- _WHAT NEEDS TO BE DONE_
Retype every line from the start of the entries below down to the line with "The first thing", both ends included; skip the pictures.

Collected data
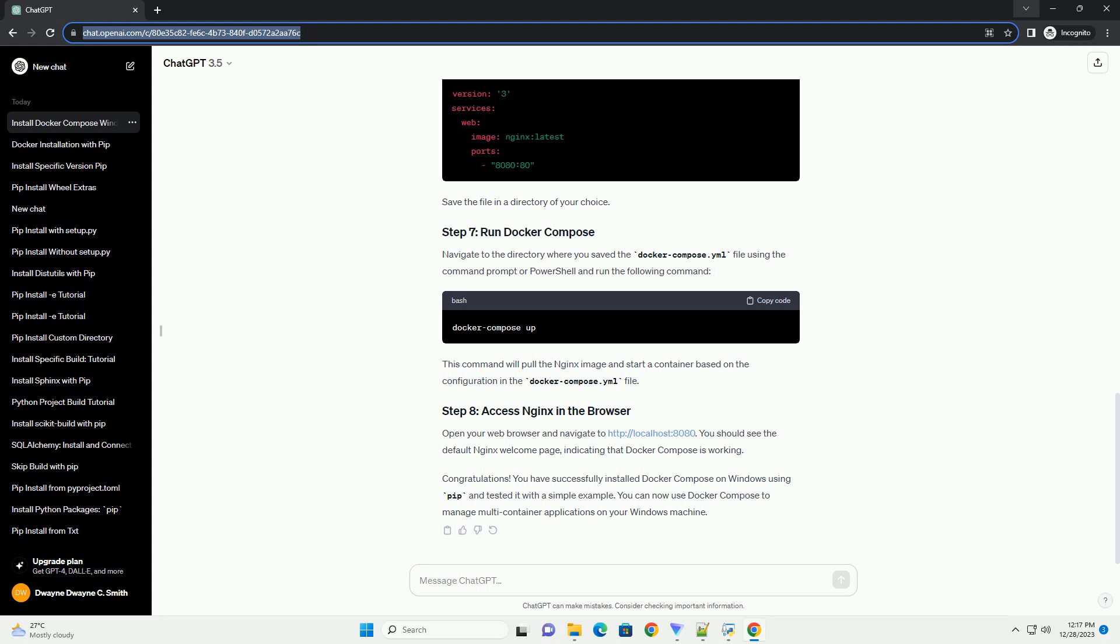Open your web browser and navigate to HTTP slash slash localhost 8080. You should see the default Nginx welcome page, indicating that Docker Compose is working.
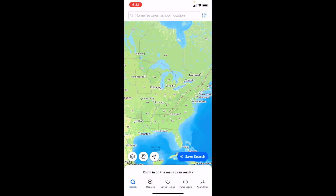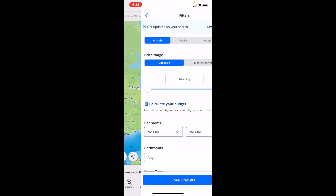The first thing you have to do is open up the Zillow application. Once that is done, go to the bottom left and press on the search button. Then once you're on the search page, go to the top right beside the search bar and press the filters icon.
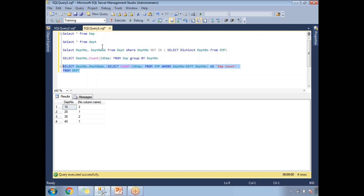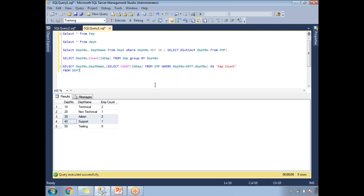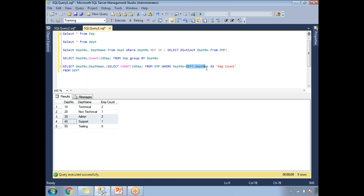Running this query gives: department 10 Technical — employee count 2, department 20, 30, 40, and 50 with their respective counts. This is a subquery enclosed within parentheses. Note that for the dept_number column, since no alias is specified, the column automatically comes from the employee table, so you need to specify the table name to avoid ambiguity. This is how we write subqueries in SQL Server. In the next video, we will talk about correlated subqueries.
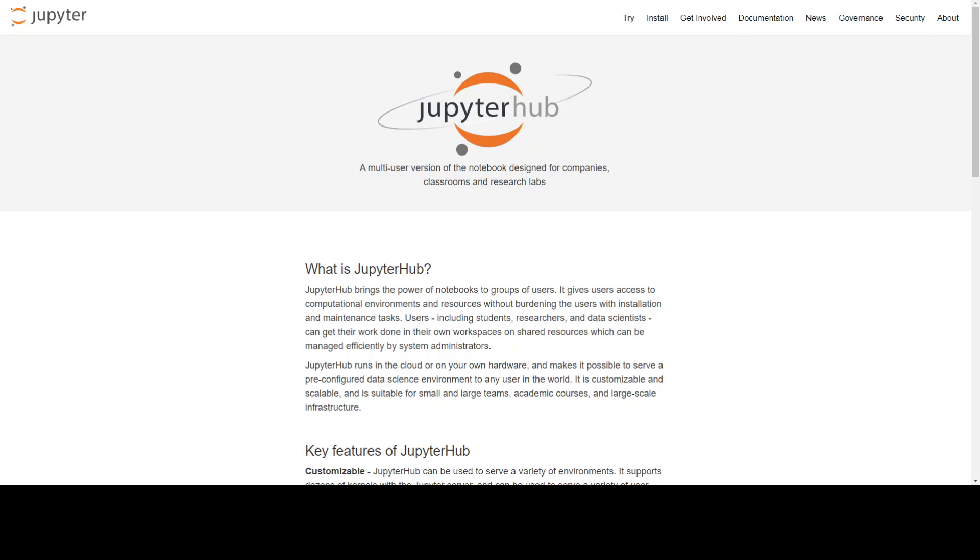You can definitely deploy JupyterHub on any other container orchestration platform in the cloud or on-prem, but I would suggest that deploying it on Kubernetes gives you a lot of flexibility.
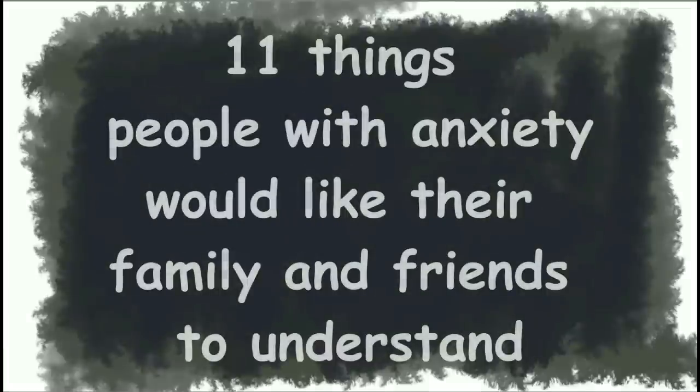11 things people with anxiety would like their family and friends to understand. Can you relate?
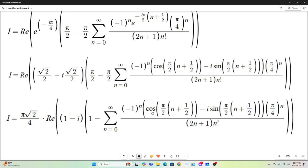In the next part, I factored out square root of 2 over 2 and also pi over 2, giving us pi times square root of 2 over 4. We're left with one minus i multiplied by one minus this sum.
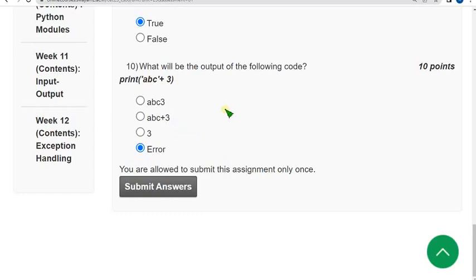Friends, these are the solutions for week five assignment of programming in Python. Hope this video was helpful for you. If you feel the same, please subscribe our channel, like this video, and share this video to your friends. Until the next video, goodbye. Thank you.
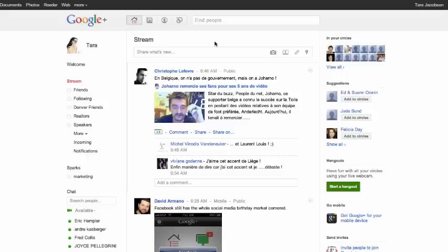Tara Jacobson, Marketing Artfully. Okay, so now we're going to talk about Google Plus and just kind of basically what it is and a little overview.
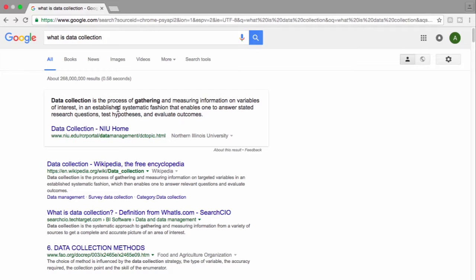Data collection is the process of gathering and measuring information on variables of interest in an established systematic function that enables one to answer stated research questions, test hypotheses, and evaluate outcomes. So you discover that data collection is the process of gathering information.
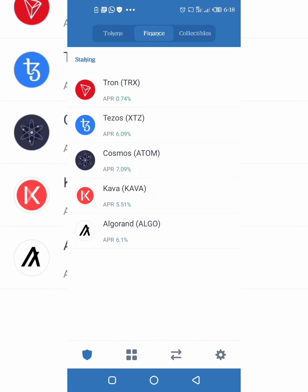Now these are a list of coins that you can stake on Trust Wallet. We have Tron, we have Tezos, we have Cosmos, we have Cover, and we have Algorand. All you have to do is click on the one you want.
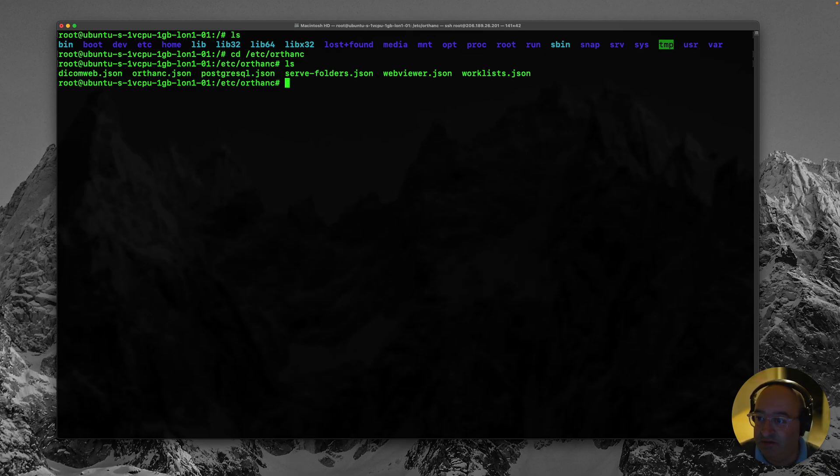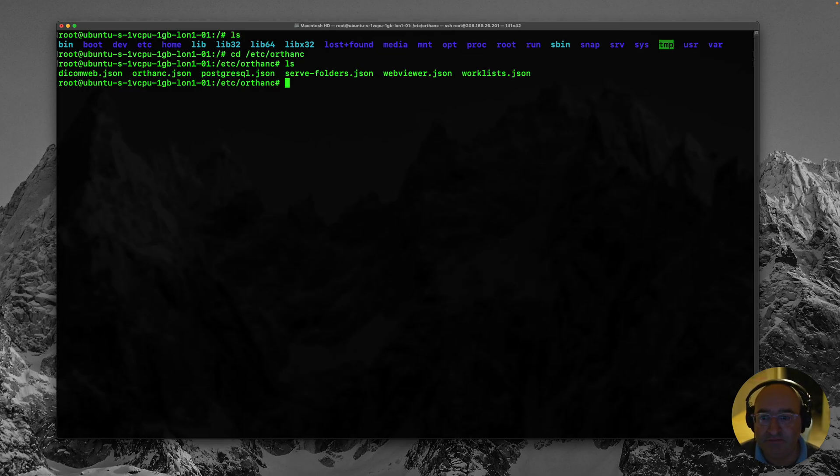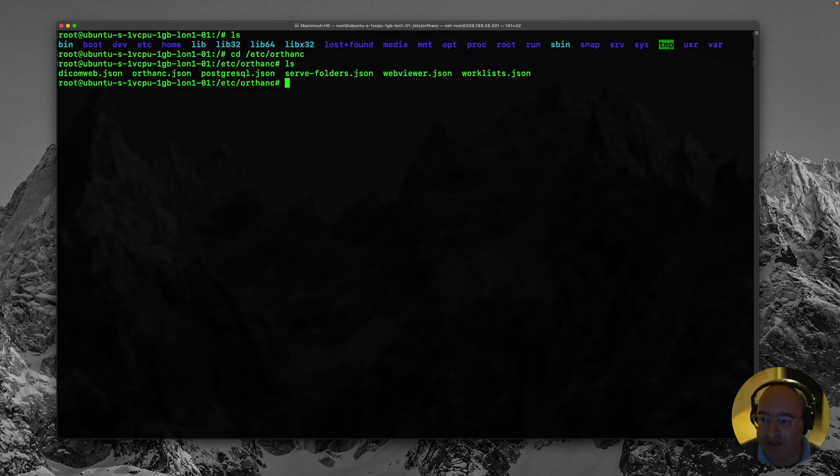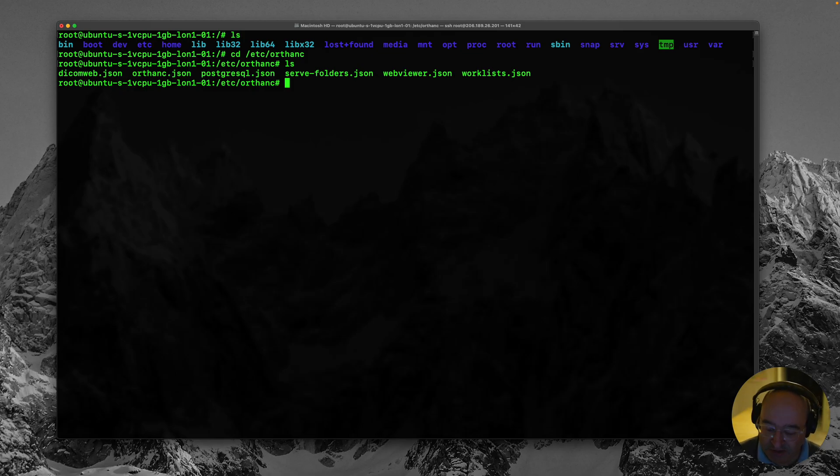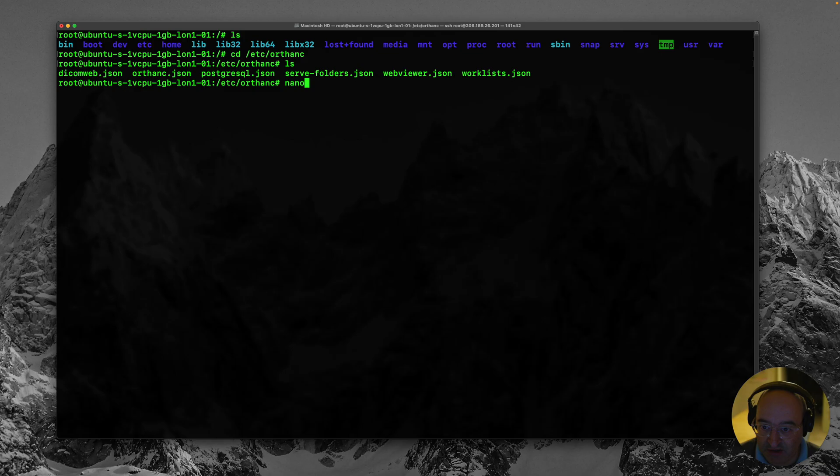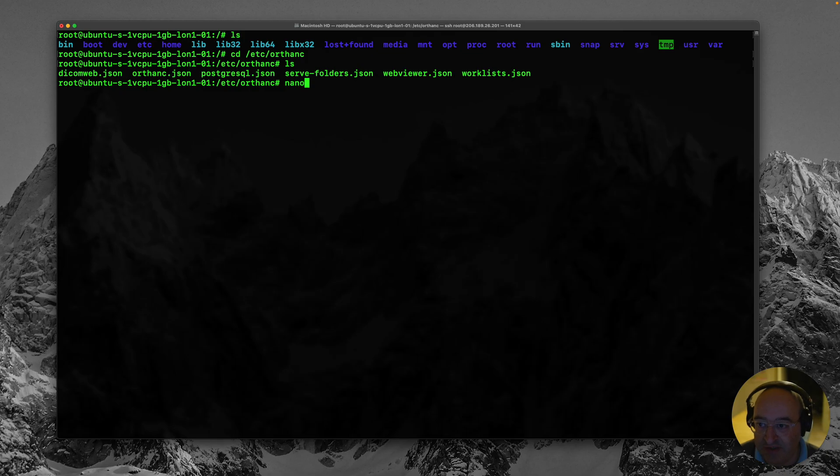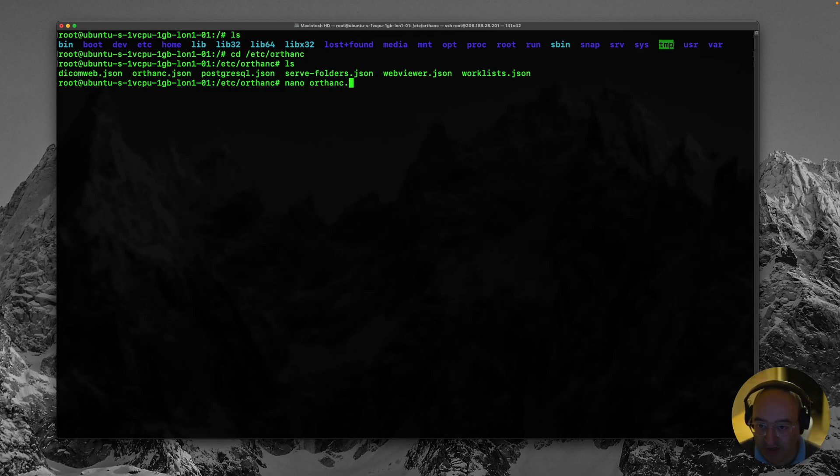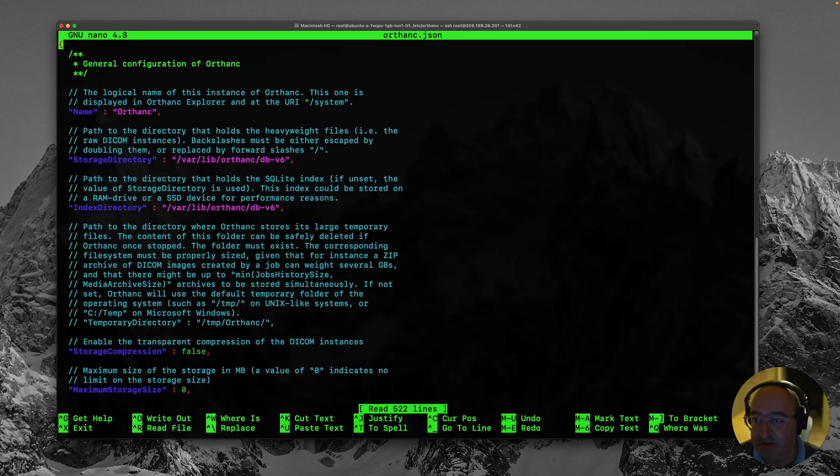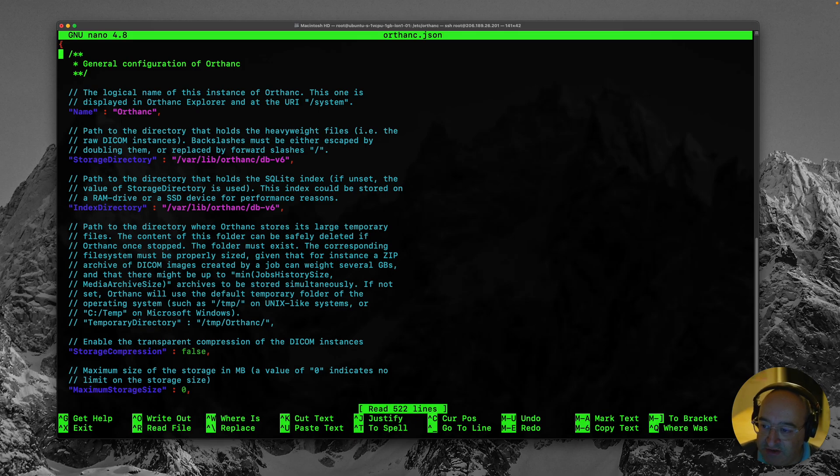They are the configuration files for the Orthanc server. So as far as I remember I think it's the Orthanc.json is the one that we want that has like all of the good stuff in it. So I'm going to now type a command which is nano. And nano is a text editor which is just part of the Ubuntu server installation. It's reliably always there. Nano Orthanc.json to open the text file. And there we go.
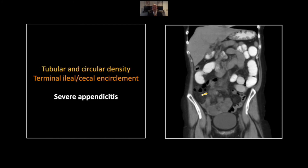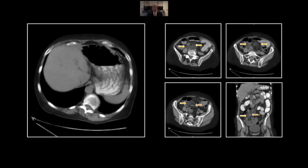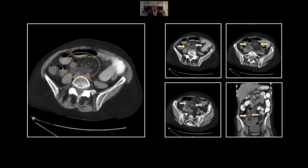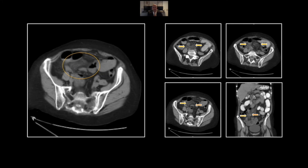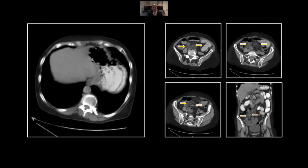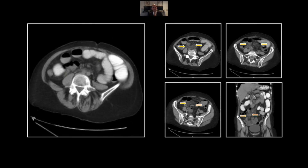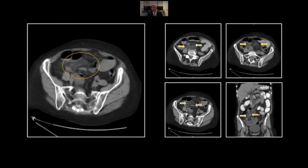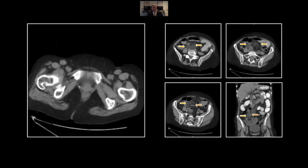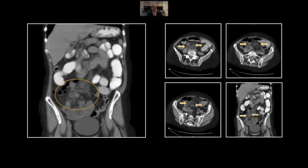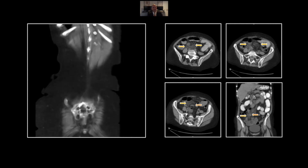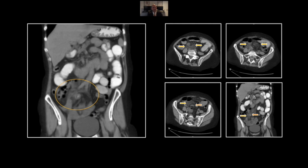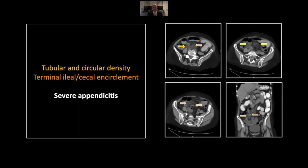Here more posteriorly, the top portion of that arc of the appendix is visible, and again the terminal ileum compressed by the encircling appendix. On the cine, appreciate the dilated bowel loops, the top portion of the appendix, and its bottom portion encircling the terminal ileum and causing that obstruction. On the coronal, it really allows you to appreciate the circular configuration of that swollen appendix. So that is a severe appendicitis — I think as bad as appendicitis can get without perforation.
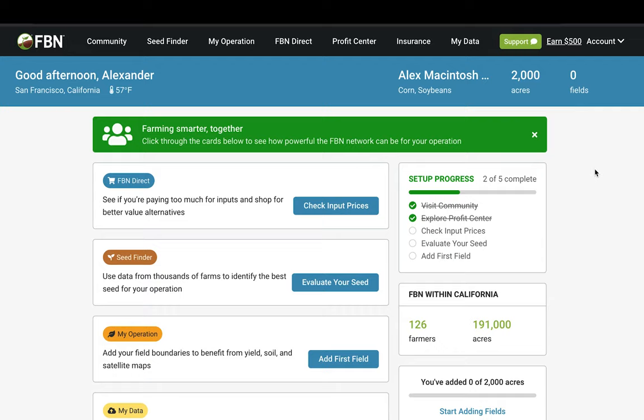If you use My John Deere or Case New Holland on your operation, I will walk you through the simple process to sync these accounts with FBN.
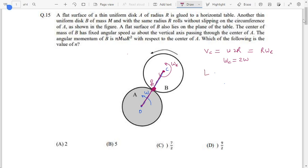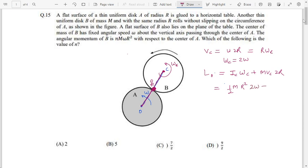The angular momentum about point O is straightforward. We write the angular momentum of a rigid body about any external point as the angular momentum about the center of mass plus the angular momentum of the center of mass about the external point. So: L = I_C·ω_C + M·V_C·2R = (½·M·R²)·(2ω) + M·(2Rω)·(2R) = MωR² + 4MωR² = 5MωR². So N comes out to be 5.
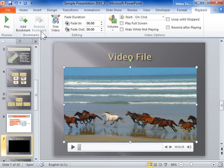To use bookmarks for audio clips, use the same process in the automatically displayed Audio Tools tab.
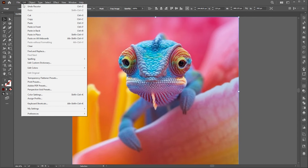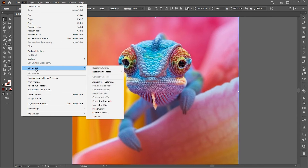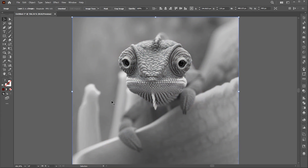Let's try it with an image. And it's done.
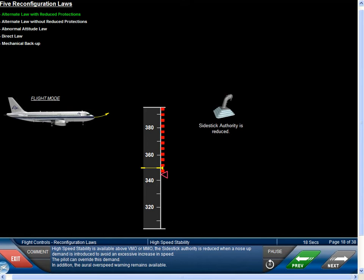High speed stability is available above VMO or MMO. The side stick authority is reduced when a nose up demand is introduced to avoid an excessive increase in speed. The pilot can override this demand, and the aural overspeed warning remains available.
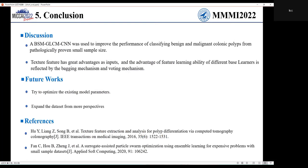In summary, a model is proposed to improve classification performance on a limited dataset, which shows the superiority of our approach in learning features and combining predictions. This indicates that our study has great potential. Thank you, and that concludes my presentation.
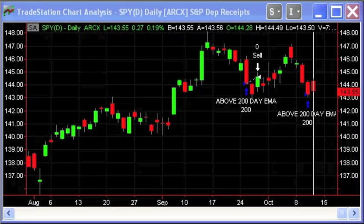Hello, this is Jeff from System Trader Success. In this short video, I want to demonstrate the use of the Trade Recorder Strategy. The Trade Recorder Strategy can be run in parallel with any trading system and it will export the trades to an Excel spreadsheet.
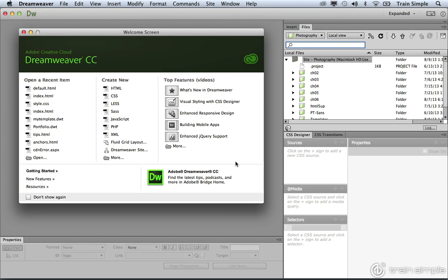The first HTML5 structural element that we'll be taking a look at is the header element. That would naturally make sense because if you think about how you construct a page, typically you're working from the top to the bottom. The top section generally contains header information, which is exactly why we're going to start with the header element.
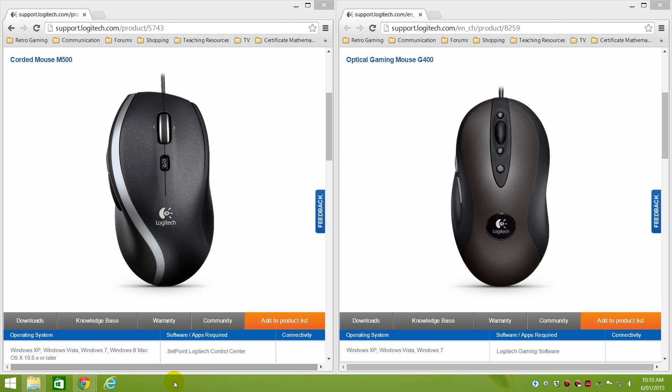I've got two mice, the Logitech M500 and the Logitech G400. So we're going to use these two to explain what angle snapping and mouse prediction is.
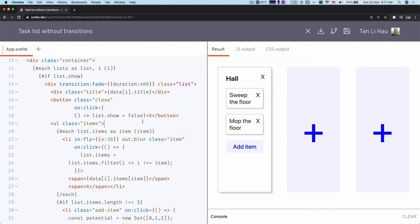Hello everyone, my name is Li Hao. Welcome back to Introduction to Transitions.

- _EXERCISE SOLUTION_
Open your web browser and navigate to HTTP slash slash localhost 8080. You should see the default Nginx welcome page, indicating that Docker Compose is working.
The first thing you have to do is open up the Zillow application. Once that is done, go to the bottom left and press on the search button. Then once you're on the search page, go to the top right beside the search bar and press the filters icon.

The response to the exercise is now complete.